Los miserables (Labaila tr.)/IV.2.3

Los Miserables
Cuarta parte: "Idilio en calle Plumet y epopeya en calle Saint-Denis"
Libro segundo: "Eponina"
Capítulo III: Aparición al señor Mabeuf​
 de Víctor Hugo

Mientras Marius descendía lentamente por esos lúgubres escalones que conducen a los lugares sin luz, el señor Mabeuf los bajaba de otra manera.

Al anciano todas las opiniones políticas le eran indiferentes, y las aprobaba todas para que lo dejaran tranquilo. Su postura política era la de amar apasionadamente las plantas, pero sobre todo amar los libros. Tenía como todo el mundo su terminación en -ista, sin la cual nadie habría podido vivir en esa época, pero no era ni realista, ni bonapartista, ni anarquista; él era coleccionista de libros antiguos. Uniendo sus dos pasiones, había publicado un libro, La flora en los alrededores de Cauteretz.

Vivía solo con una vieja ama de llaves, a quien llamaba, sin que ella comprendiera por qué, la señora Plutarco.

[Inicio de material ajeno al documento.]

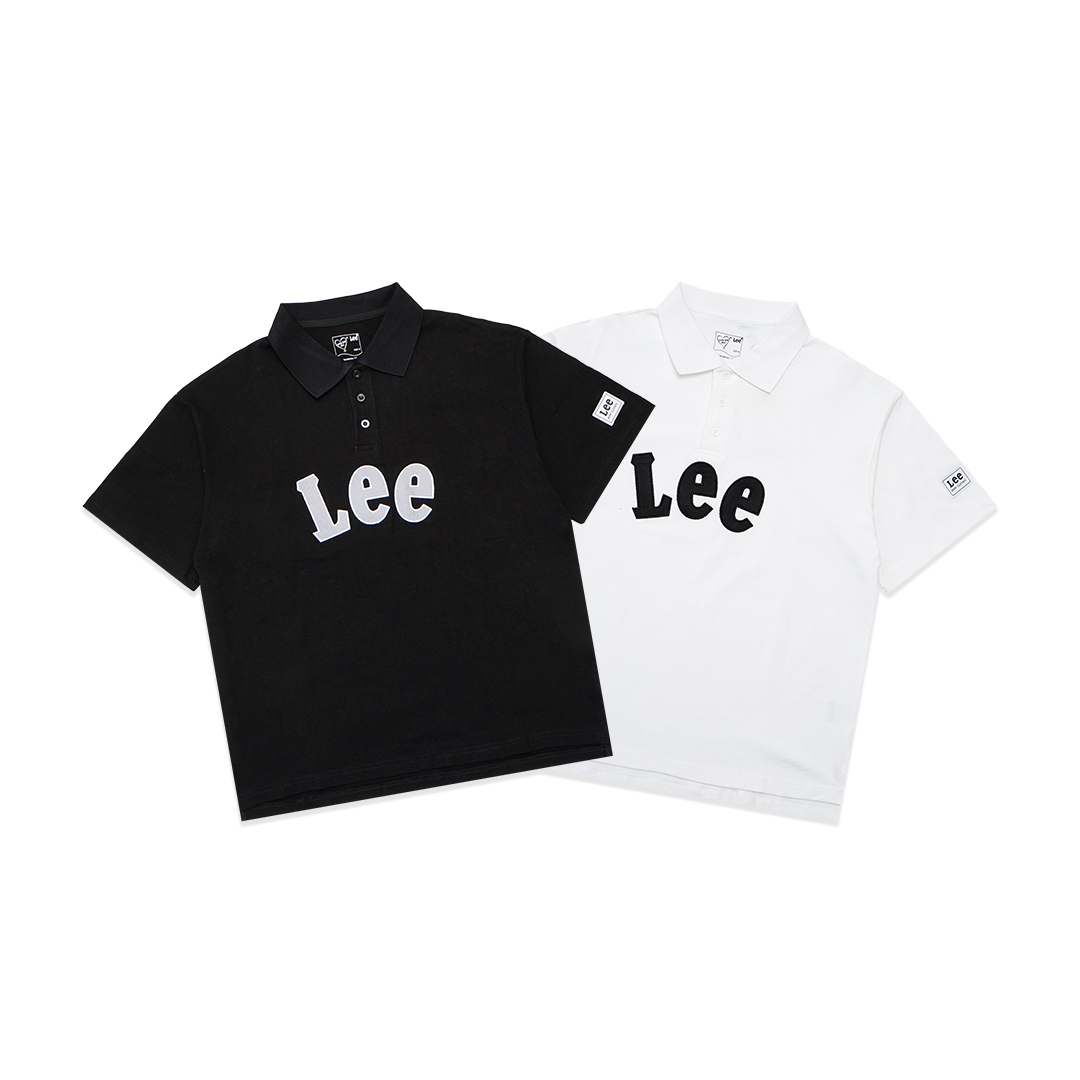 Lee Fits'Em All Oversized Polo Shirt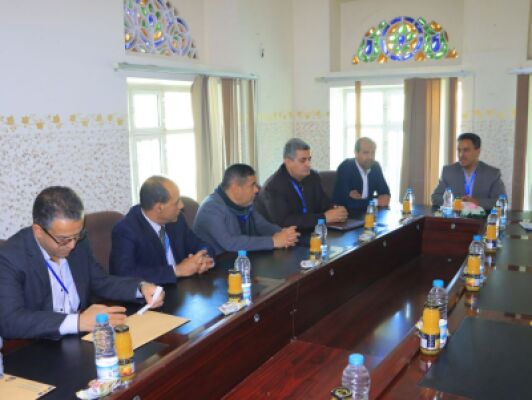 ألبوم صور خاص بتدشن اول نزول ميداني للجان متابعة البرامج الأكاديمية في الجامعات اليمنية ضمن خطته الجديدة.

En 1830, por un error legal, perdió todo lo que tenía. Además, la Revolución de Julio provocó una crisis que afectó a las librerías y, por supuesto, en los malos tiempos lo primero que deja de venderse es un libro sobre la flora. Dejó su cargo en la parroquia y se mudó a una especie de choza, cerca del jardín Botánico, donde le permitieron utilizar un pequeño pedazo de tierra para sus ensayos de siembras de añil.

Había reducido su almuerzo a dos huevos, y dejaba uno de ellos a su vieja criada, a la cual no había pagado el salario hacía quince meses. Muchas veces, el almuerzo era su única comida. Ya no se reía con su risa infantil; se había vuelto huraño, y no recibía visitas. Algunas veces, camino al jardín Botánico, se encontraba con Marius; no se hablaban; solamente se saludaban con la cabeza tristemente. Es doloroso, pero hay un momento en que la miseria separa hasta a los amigos.

El señor Mabeuf sentía simpatía por Marius, porque era joven y suave. La juventud, cuando es suave, es para los viejos como un sol sin viento.

Por la noche volvía del jardín Botánico a su casa para regar sus plantas y leer sus libros. El señor Mabeuf tenía por entonces muy cerca de los ochenta años.

Una tarde recibió una singular visita. Estaba sentado en una piedra que tenía por banco en el jardín, y miraba con tristeza sus plantas secas que necesitaban urgente riego. Se dirigió encorvado y con paso vacilante al pozo; pero cuando cogió la soga no tuvo fuerzas ni aun para desengancharla. Entonces se volvió, y dirigió una mirada angustiosa al cielo, que se iba cubriendo de estrellas.

- ¡Estrellas por todas partes! -pensaba el anciano-: ¡Ni una pequeñísima nube! ¡Ni una lágrima de agua!

Trató de nuevo de desenganchar la soga del pozo, pero no pudo.

En aquel momento oyó una voz que decía:

- Señor Mabeuf, ¿queréis que riegue yo el jardín?

Vio salir de entre los matorrales a una jovencita delgada, que se puso delante de él mirándole sin parpadear. Más que un ser humano parecía una forma nacida del crepúsculo.

Antes que el anciano hubiera podido responder una sílaba, aquella aparición de pies desnudos y ropa andrajosa había llenado la regadera. El ruido del agua en las hojas encantaba al señor Mabeuf; le parecía que el rododendro era por fin feliz.

Vaciado el primer cubo, la muchacha sacó otro, y después un tercero, y así regó todo el jardín.

Cuando hubo concluido, el señor Mabeuf se aproximó a ella con lágrimas en los ojos.

- Dios os bendiga -dijo-, sois un ángel porque tenéis piedad de las flores.

- No -respondió ella-, soy el diablo, pero me es igual.

El viejo exclamó sin esperar ni oír la respuesta:

- ¡Qué lástima que yo sea tan desgraciado y tan pobre, y que no pueda hacer nada por vos!

- Algo podéis hacer -dijo ella-. Decidme dónde vive el señor Marius.

- ¿Qué señor Marius?

- Un joven que venía a veros hace tiempo atrás.

El señor Mabeuf había ya registrado su memoria, y contestó:

- ¡Ah! sí... ya sé. El señor Marius... el barón de Pontmercy, vive... o más bien dicho no vive ya... vaya, no lo sé.

Mientras hablaba se había inclinado para sujetar una rama del rododendro.

- Esperad -continuó-; ahora me acuerdo. Va mucho al Campo de la Alondra. Id por allí, y no será difícil que lo encontréis.

Cuando el señor Mabeuf se enderezó ya no había nadie; la joven había desaparecido.